_Assignment_
Please write out all the data that follows exactly, without the pictures.

_Dataset extract_
____

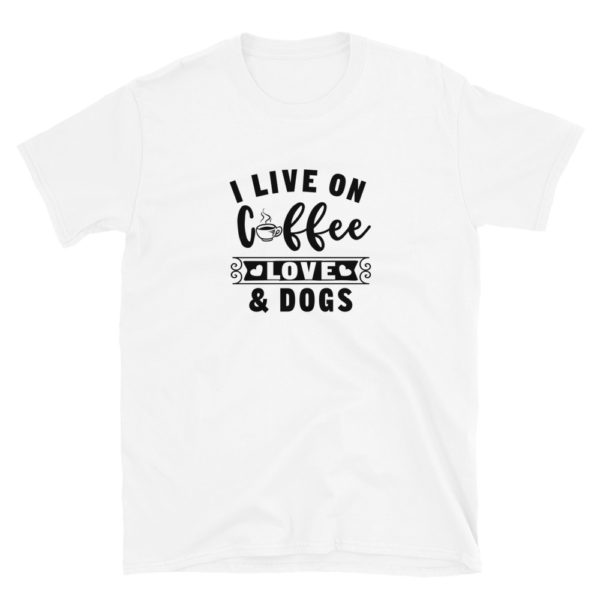 I live on coffee love & dogs T-Shirt, I live on coffee love & dogs TShirt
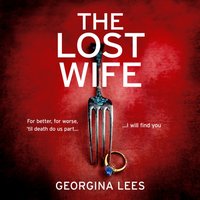Lost Wife - Georgina Lees - audiobook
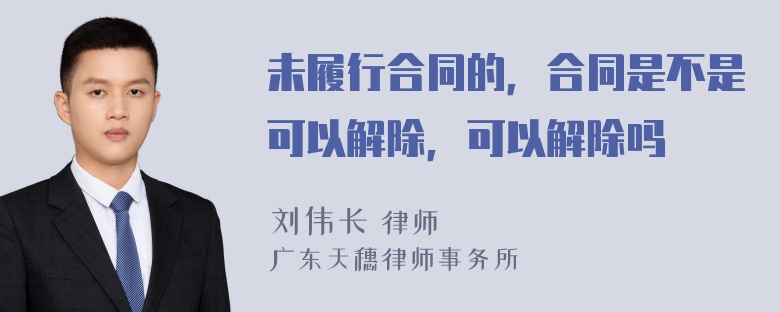 未履行合同的，合同是不是可以解除，可以解除吗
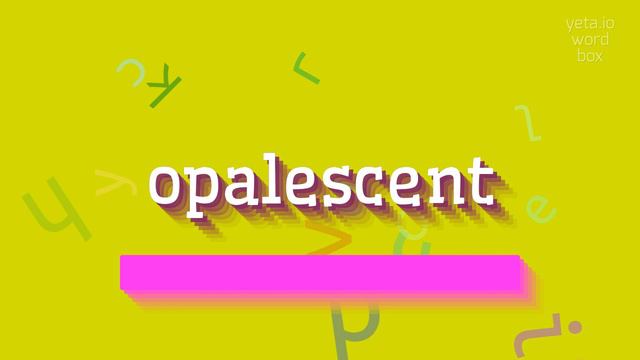 HOW TO PRONOUNCE OPALESCENT? #opalescent смотреть онлайн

____

_Response area_
 I live on coffee love & dogs T-Shirt, I live on coffee love & dogs TShirt
Lost Wife - Georgina Lees - audiobook
 未履行合同的，合同是不是可以解除，可以解除吗
 HOW TO PRONOUNCE OPALESCENT? #opalescent смотреть онлайн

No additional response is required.